Only the pictures should be dropped; every line of the data must come back exactly as written.

◆ Information provided ◆
=== Section Start ===
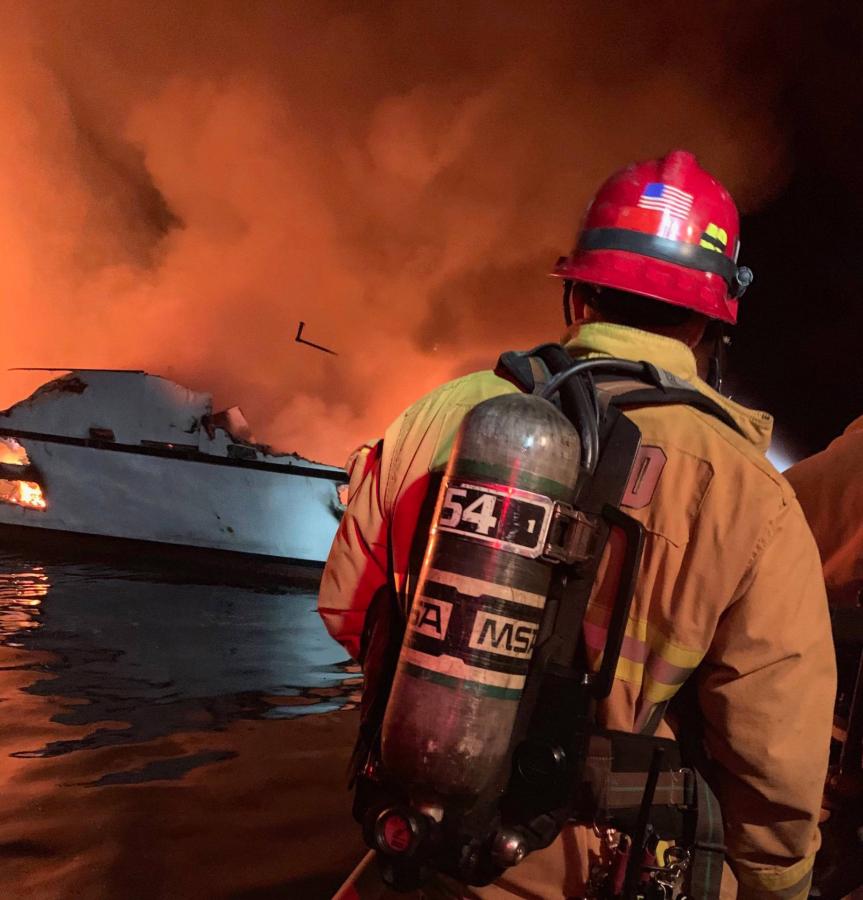 34 ember tűnt el, miután kigyulladt és elsüllyedt egy hajó Kaliforniánál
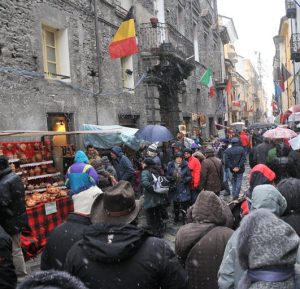 La "circolare Gabrielli" affossa le manifestazioni in Valle d'Aosta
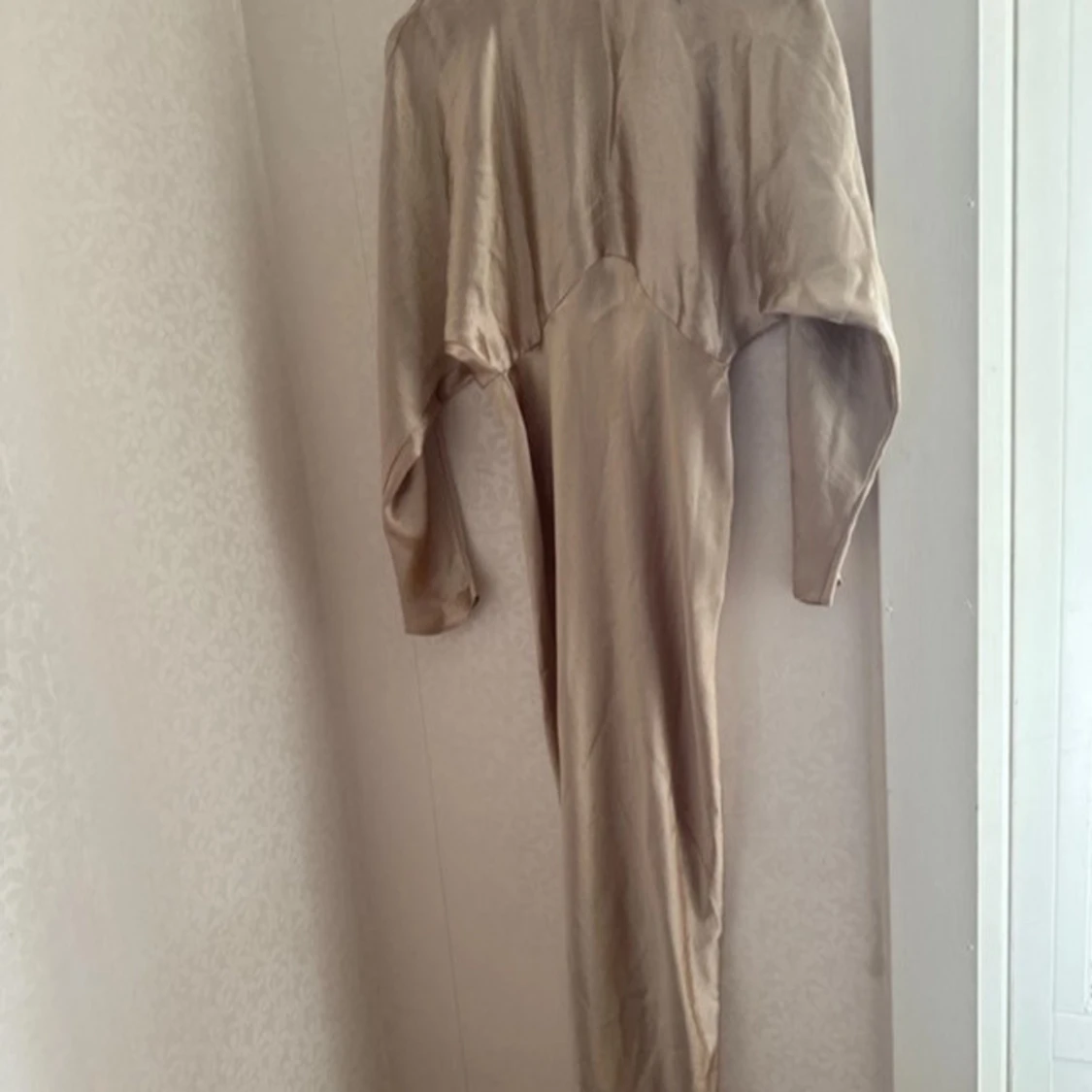 Beige långklänning med lång ärm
=== Section End ===
◆ Written answer ◆
 34 ember tűnt el, miután kigyulladt és elsüllyedt egy hajó Kaliforniánál
 La "circolare Gabrielli" affossa le manifestazioni in Valle d'Aosta
 Beige långklänning med lång ärm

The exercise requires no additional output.